== What to produce ==
Print word for word the first line of the listing below and every line after it, through the line with "Custom Calgary Stampeders". Leave out the pictures and the rest.

== Given data ==
○ ○ ○ ○

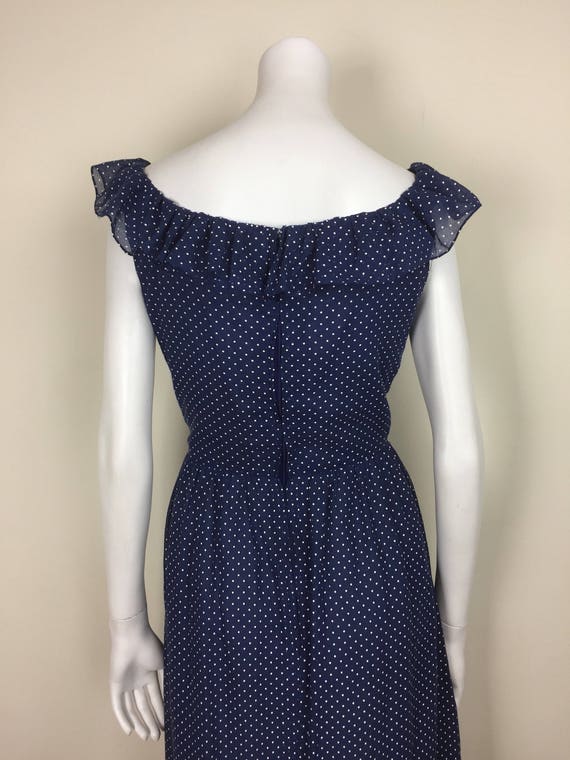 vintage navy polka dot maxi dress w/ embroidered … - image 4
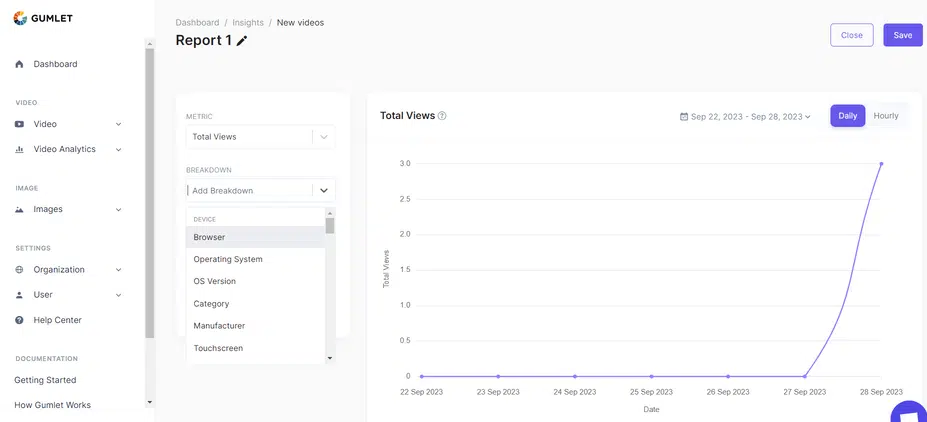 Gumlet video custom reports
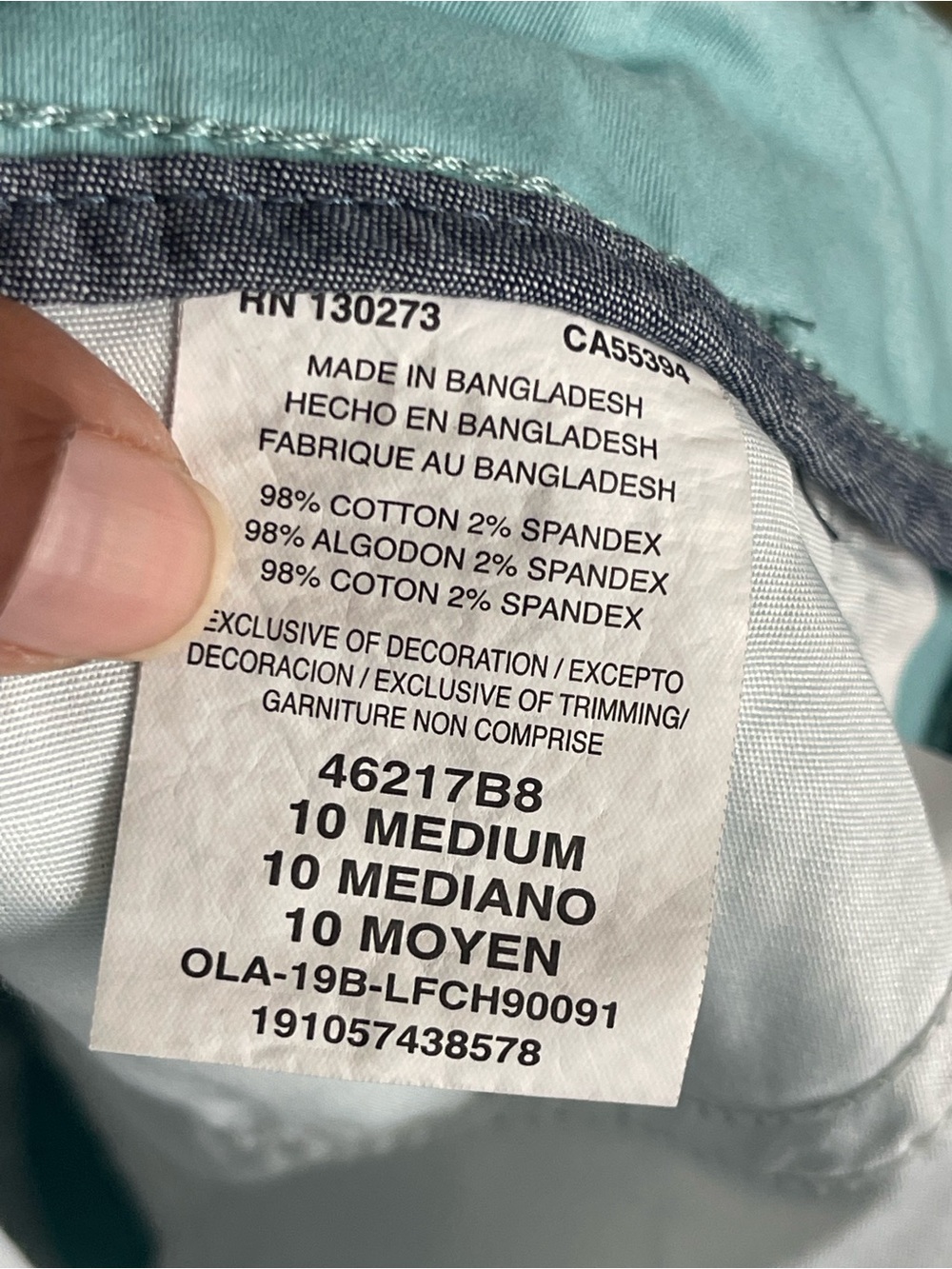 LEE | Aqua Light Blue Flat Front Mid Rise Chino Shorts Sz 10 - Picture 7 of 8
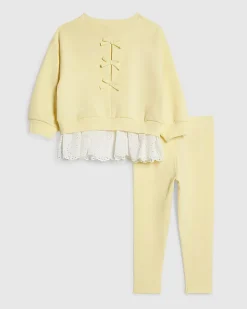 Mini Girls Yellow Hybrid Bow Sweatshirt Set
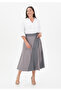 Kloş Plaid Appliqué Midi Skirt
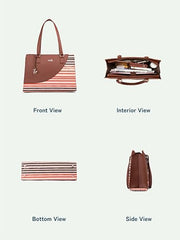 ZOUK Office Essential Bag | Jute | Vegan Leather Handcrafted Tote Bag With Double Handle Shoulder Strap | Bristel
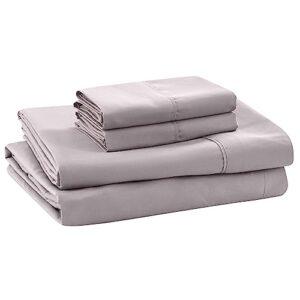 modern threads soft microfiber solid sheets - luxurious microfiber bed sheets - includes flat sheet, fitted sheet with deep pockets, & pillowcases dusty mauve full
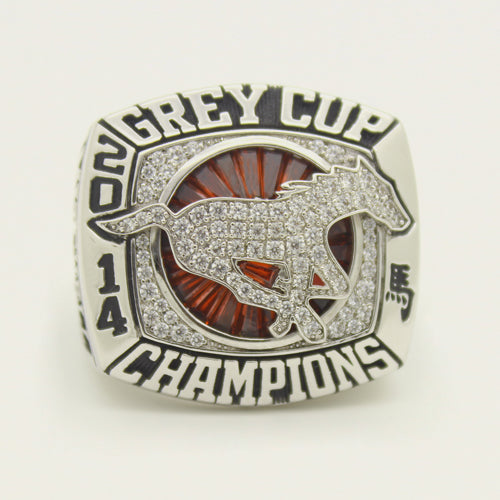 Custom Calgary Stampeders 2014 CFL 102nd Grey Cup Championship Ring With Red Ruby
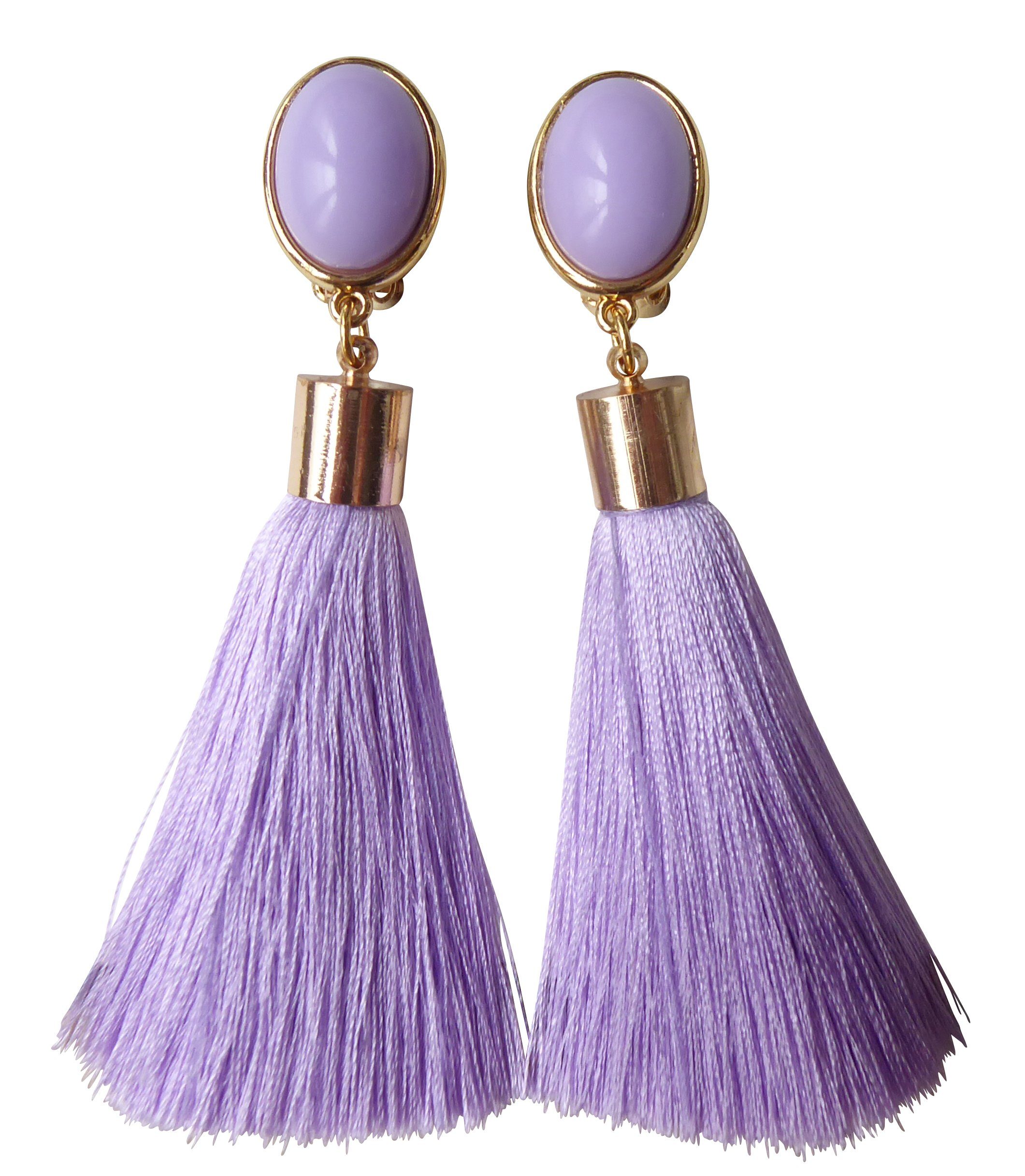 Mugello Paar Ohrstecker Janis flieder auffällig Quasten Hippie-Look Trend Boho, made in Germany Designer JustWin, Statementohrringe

○ ○ ○ ○

== The completed task ==
 vintage navy polka dot maxi dress w/ embroidered … - image 4
 Gumlet video custom reports
 LEE | Aqua Light Blue Flat Front Mid Rise Chino Shorts Sz 10 - Picture 7 of 8
 Mini Girls Yellow Hybrid Bow Sweatshirt Set
 Kloş Plaid Appliqué Midi Skirt
 ZOUK Office Essential Bag | Jute | Vegan Leather Handcrafted Tote Bag With Double Handle Shoulder Strap | Bristel
 modern threads soft microfiber solid sheets - luxurious microfiber bed sheets - includes flat sheet, fitted sheet with deep pockets, & pillowcases dusty mauve full
 Custom Calgary Stampeders 2014 CFL 102nd Grey Cup Championship Ring With Red Ruby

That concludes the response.